Erst mit der Gründung des Klosters und des Bistums als geistliches, politisches und wirtschaftliches Zentrum der Region entwickelte sich auf dem Domhügel eine dichte Besiedlung. Diese bildet den Kern der späteren Stadt Münster. Umgeben von einer ringförmigen Befestigungsanlage aus dem 9. Jahrhundert hatte das dicht bebaute Areal im 10. Jahrhundert eine Größe von etwa 7,5 ha. In dieser Zeit entstanden zahlreiche Steingebäude, die vom zunehmenden Wohlstand der Bewohner zeugten.

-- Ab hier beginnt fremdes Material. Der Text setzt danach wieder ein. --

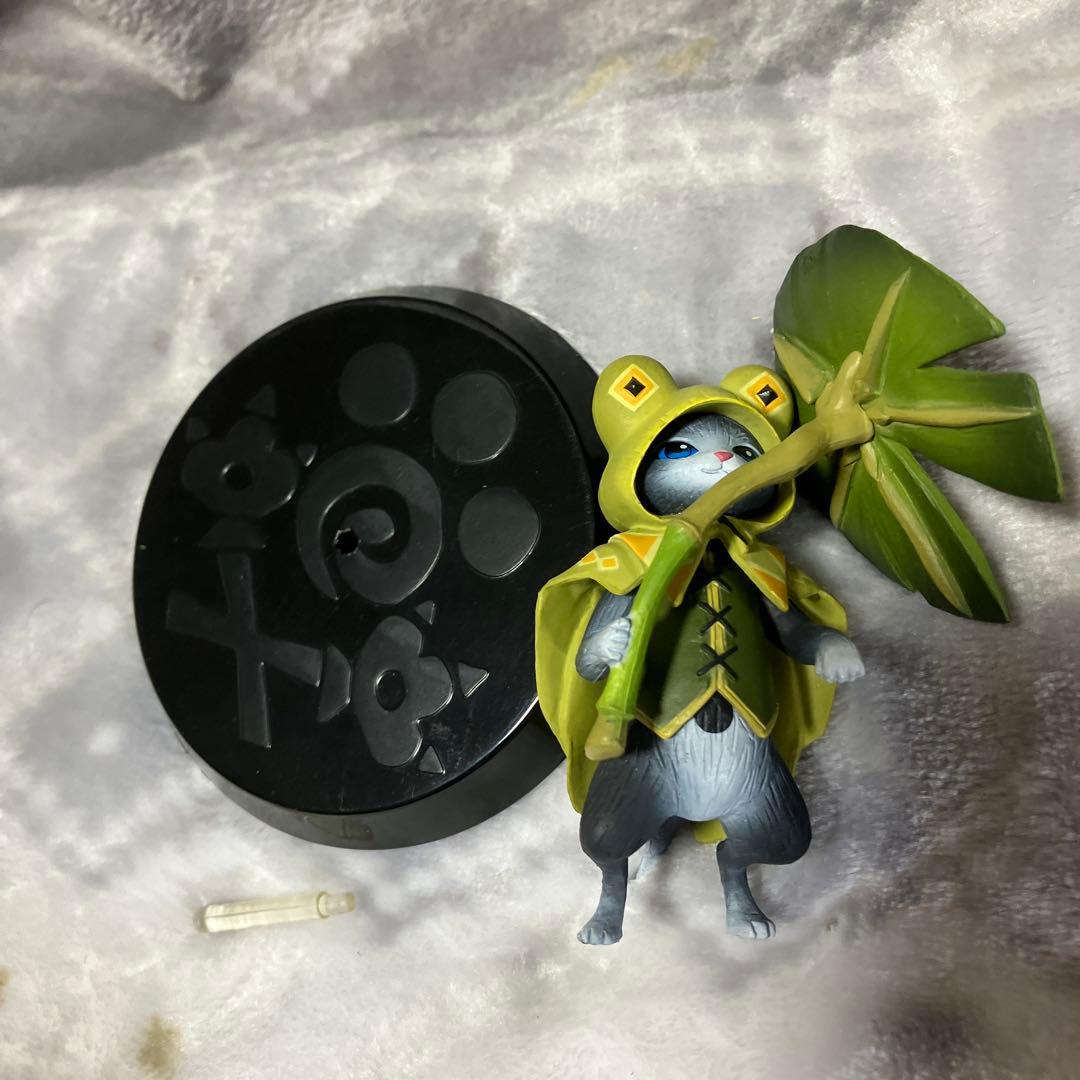 モンスターハンター モンハン オトモアイルー フィギュアvol.2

Seit dem zwölften Jahrhundert wurde der Bereich um den Dom fast ausschließlich von Geistlichen bewohnt. Sie residierten in großzügigen Steinbauten, den sogenannten Kurien der Domherren. Diese Gebäude sind seit dem Spätmittelalter kennzeichnend für die Bebauung des Platzes, der sich in seiner Grundstruktur bis heute so erhalten hat.
"Die aktuelle Untersuchungsfläche liegt im Bereich der sogenannten von Galenschen Kurie, die in den Jahren zwischen 1664 und 1668 als Neubau entstanden ist. Der von Galensche Bau ist uns durch Bauzeichnungen und Fotos aus den letzten Jahren seiner Nutzung gut bekannt", so Dickers. Das Gebäude wurde zwar immer wieder umgebaut, hatte jedoch bis in die Nachkriegszeit Bestand und wurde bei einem Bombenangriff im Oktober 1943 zerstört.

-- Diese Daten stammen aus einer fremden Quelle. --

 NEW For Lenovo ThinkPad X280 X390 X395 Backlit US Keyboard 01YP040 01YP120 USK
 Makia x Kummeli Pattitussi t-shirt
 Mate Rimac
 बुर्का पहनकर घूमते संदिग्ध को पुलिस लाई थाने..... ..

Wie die ältere Kurie, deren Bewohner sich über das Hofgelderbuch bis in das Jahr 1575 namentlich zurückverfolgen lassen, ausgesehen hat, ist im Detail unbekannt. Eine gewisse Vorstellung von diesem Grundstück vermittelt die historische Stadtansicht von Alerdinck aus dem Jahre 1636. Sie zeigt an dieser Stelle eine schmale, langgestreckte Parzelle zwischen dem Domplatz im Norden, der Pferdegasse im Westen und der Margarethenstiege im Osten, auf der ein stattlicher Steinbau mit der Giebelseite zur heutigen Pferdegasse und einem Hinterhofbereich zum Domplatz steht. Wie das Gelände vor dieser Zeit aussah und wie es genutzt wurde, wissen die Archäologen jedoch noch nicht. In den vergangenen zwei Wochen sind auf dem Platz vor dem LWL-Landesmuseum die Grundmauern der unterkellerten Kurie offengelegt worden. Die breiten Backsteinmauern lassen sich dem Neubau des 17. Jahrhunderts zuordnen. Sie sitzen erkennbar auf sauber verlegtem Bruchsteinmauerwerk auf, das eindeutig älter und wahrscheinlich mittelalterlich ist. Bei den Resten dürfte es ich um den Vorgängerbau der von Galenschen Kurie handelt, die 1652 als verfallen bezeichnet wird und deren tatsächliches Alter noch nicht bekannt ist.
Die bis in das 20. Jahrhundert hinein genutzten Kelleräume waren mit Schutt gefüllt. Darin fanden sich Teile der durchaus repräsentativen Raumausstattung des 19. Jahrhunderts, wie beispielsweise Stuckdeckenteile.
Einen ersten Höhepunkt der Grabungsarbeiten beförderte in der vergangenen Woche der Bagger zutage: einen 40 Zentimeter großen Kopf einer Skulptur.
"Von der Formauffassung könnte der Skulpturenkopf aus dem späten 19. oder frühen 20. Jahrhundert stammen und zu einem der historischen Gebäude oder Vorplätze gehören", gab Museumsdirektor Dr. Hermann Arnhold bei der ersten Inspektion eine Einschätzung ab.